Have you tested between the boiler terminals and boiler case / earth (in resistance mode).

Also check fill probe wire for damage to insulation / earthing.


----------



## NightRave (Feb 28, 2020)

I've tested the terminals and boiler case in lowest resistance mode and got no reading at all (not sure if it's good or bad).

By fill probe wire - do you mean the one that if I disable will overflow the boiler? then yeah, looks ok to me in regards to insulation.


----------



## El carajillo (Mar 16, 2013)

Check the element to earth (boiler case) on a higher resistance setting element to case = 0 element should be OK.

Looking on the I/n someone else had a similar problem, traced to the fill level sensor in the tank, (try raising it / moving it) also check leads from sensor.

It does sound as if the lead to the sensor is shorting out when the water in the tank closes the contacts ?


----------



## NightRave (Feb 28, 2020)

El carajillo said:


> Check the element to earth (boiler case) on a higher resistance setting element to case = 0 element should be OK.

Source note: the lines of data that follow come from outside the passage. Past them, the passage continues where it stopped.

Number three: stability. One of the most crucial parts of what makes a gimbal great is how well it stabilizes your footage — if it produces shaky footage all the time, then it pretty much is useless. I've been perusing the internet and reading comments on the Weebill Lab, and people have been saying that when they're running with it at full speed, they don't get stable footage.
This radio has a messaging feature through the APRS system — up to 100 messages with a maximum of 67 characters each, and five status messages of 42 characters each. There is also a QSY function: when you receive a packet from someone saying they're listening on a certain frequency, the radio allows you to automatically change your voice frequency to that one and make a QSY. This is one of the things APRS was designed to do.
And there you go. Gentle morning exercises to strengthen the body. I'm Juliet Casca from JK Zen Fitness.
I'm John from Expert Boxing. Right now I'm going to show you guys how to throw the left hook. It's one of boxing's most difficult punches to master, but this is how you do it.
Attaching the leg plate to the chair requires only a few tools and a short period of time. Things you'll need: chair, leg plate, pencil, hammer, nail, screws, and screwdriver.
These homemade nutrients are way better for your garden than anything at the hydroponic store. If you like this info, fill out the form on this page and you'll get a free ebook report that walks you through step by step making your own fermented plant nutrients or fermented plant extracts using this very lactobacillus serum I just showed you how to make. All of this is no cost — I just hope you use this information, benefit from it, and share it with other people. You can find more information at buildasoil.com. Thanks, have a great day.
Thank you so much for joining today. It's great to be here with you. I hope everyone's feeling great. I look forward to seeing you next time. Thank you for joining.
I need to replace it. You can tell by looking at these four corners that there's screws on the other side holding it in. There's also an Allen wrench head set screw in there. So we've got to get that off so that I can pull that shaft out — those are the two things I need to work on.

 I tried both of the heating element to the boiler case. When I switch my multimiter to resistance it shows me 1 by default when idling. When I put in on higher resistance and check between the bottom elements to boiler case it doesn't change from 1.

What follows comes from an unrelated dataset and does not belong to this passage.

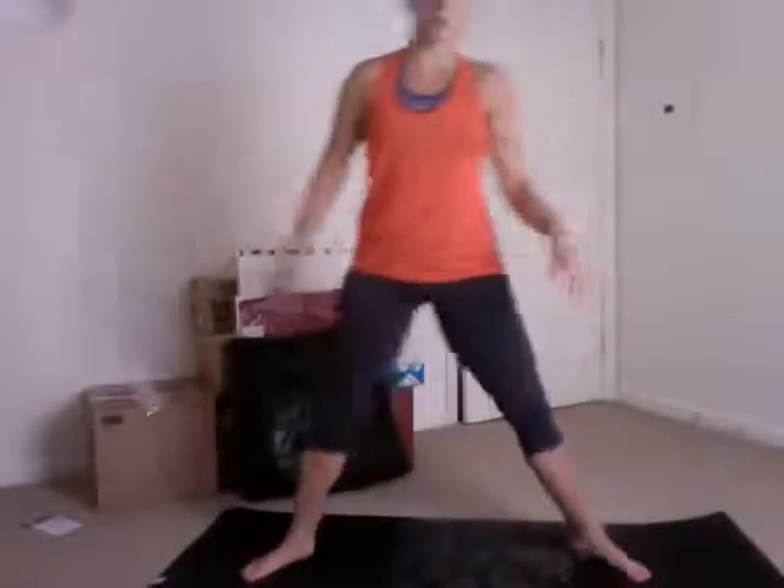Next thing we want to do is a yogic squat. We want a nice wide stance, hands to heart center, and start coming down. If you feel comfortable with the more advanced version, you can come all the way down to where your bottom is below your knees, elbows pushing the inside of the thighs. If that's not comfortable — and it's not for most people because they have really tight hips — you can go down as far as you can and use the hands or elbows to push into the inner thighs. That gets a really nice stretch through the inside of the leg. Engage the core, roll the shoulders down the back — don't be slumped over. Hold for five to ten breaths, and come in and out of the stretch as you like.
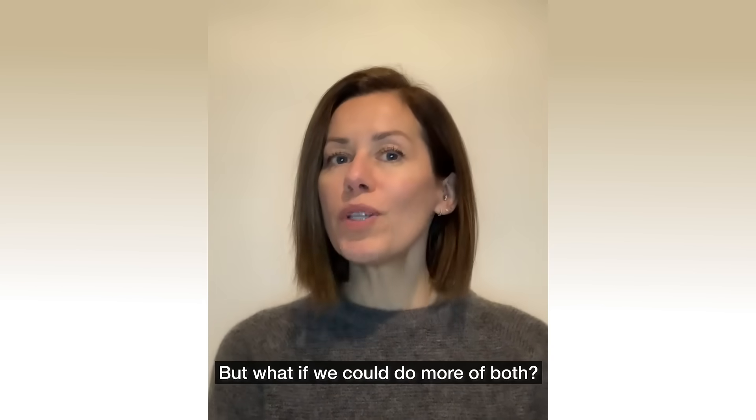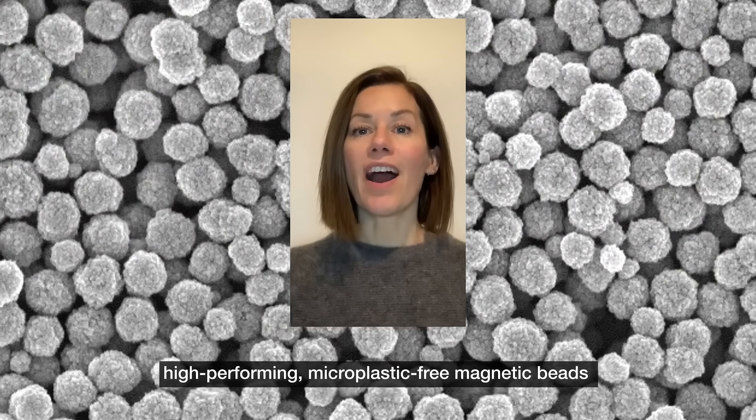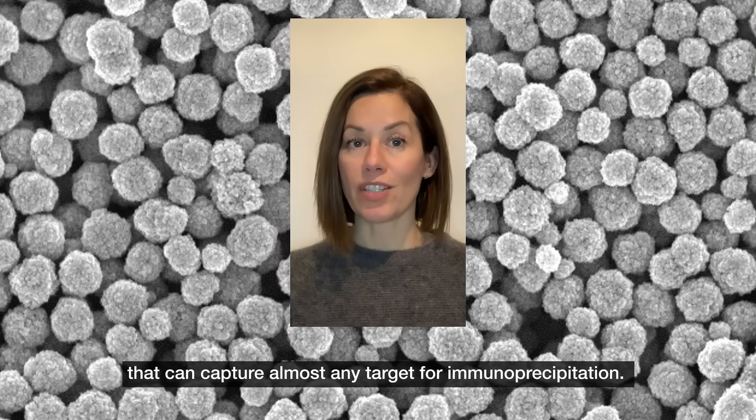Life scientists often make their impact in the lab, not on the environment. But what if we could do more of both? Invitrogen DynaGreen Magnetic Beads Platform is a pioneering, high-performing, non-microplastic magnetic beads platform that can capture almost any target for immunoprecipitation.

I know the black wire goes to the fill probe, no idea what the red probe is. One thing I discovered is that when I wiggle very briefly the third probe, the machine switches into a mode with an exclamation mark and seems there is a bad connection on the wire. I also don't know if this probe suppose to be so short of if it's end broke and is now stuck in the boiler (on the picture)

Also, I blew through all my fuses, ordered 20 more for experiments. Anything else you think I can check while waiting for the fuses?


----------



## El carajillo (Mar 16, 2013)

Trace that lead back to see if you can find it's source.

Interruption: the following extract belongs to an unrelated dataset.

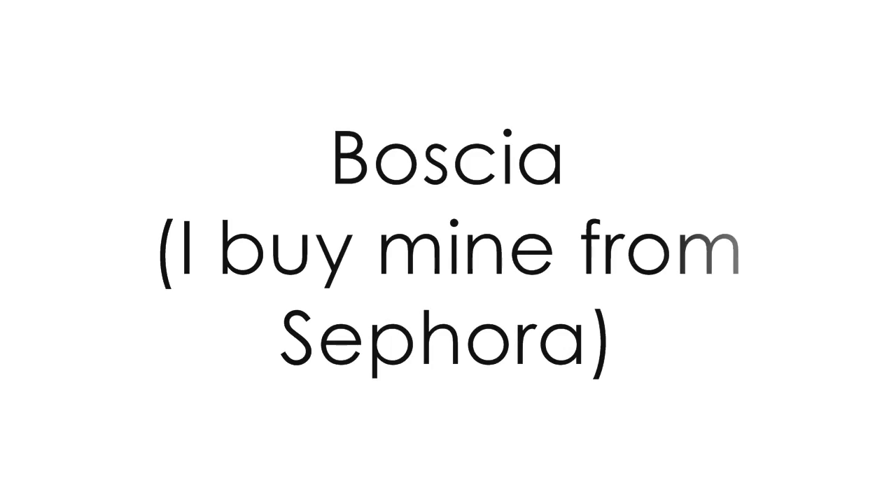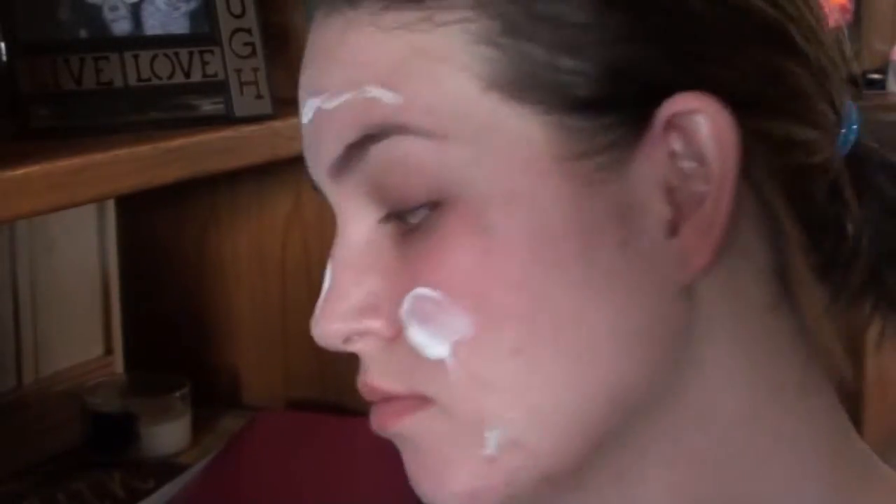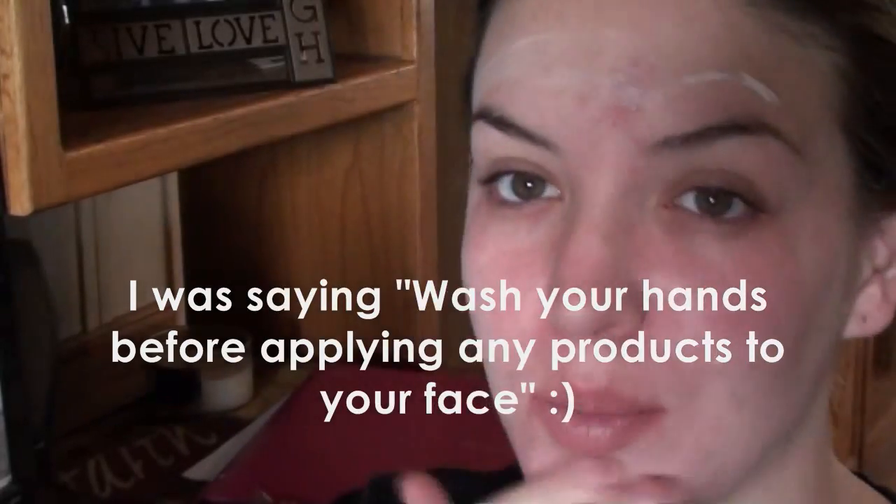After I wash my face, the first thing I do is moisturize. I'm using the BOSHA Oil-Free Daily Hydration with SPF. My skin is really sensitive, as you can see — even rubbing moisturizer makes my face get red.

Have you checked the sensor at / in the water tank ?


----------



## NightRave (Feb 28, 2020)

Sensors seem to be fine. I did manage to make sure the temp probe is good. Now I have a very stupid question though. Can it be that I might have ordered wrong Fuses? I was basing my assumption on the stuff I found online, but by looking at the machine I might also now guess, that instead of 800mah/10Amp fuses I'm trying to feed it, this board actually requires the 8A and 500mAh. Can you look at the image and confirm/deny?


----------



## allikat (Jan 27, 2020)

The "wrong" fuses will be ok for testing with. They are a higher rated than the ideal, but if you're going to use up some fuses testing, then they'll be fine. Just use the right ratings when it's finally working right.

The 8A-T means it's a time delayed 8A fuse. It's more resistant to short period overloads than a regular 8A. IE: You can run a 9-10A load on it for a few seconds without it blowing, say about long enough for half an espresso shot. So when the heater kicks in as the fresh water drops boiler temp during the shot and pushes total load up over 8A for a few seconds, it'll cope fine. It just won't like that load over an extended period. Note most fuses don't blow at exactly their rating anyway, and will accept short peaks above it fine, it's just not quite as predictable in action as a lower rated fuse with slow blow or time delay.

A normal 10A fuse should have somewhat similar characteristics.


----------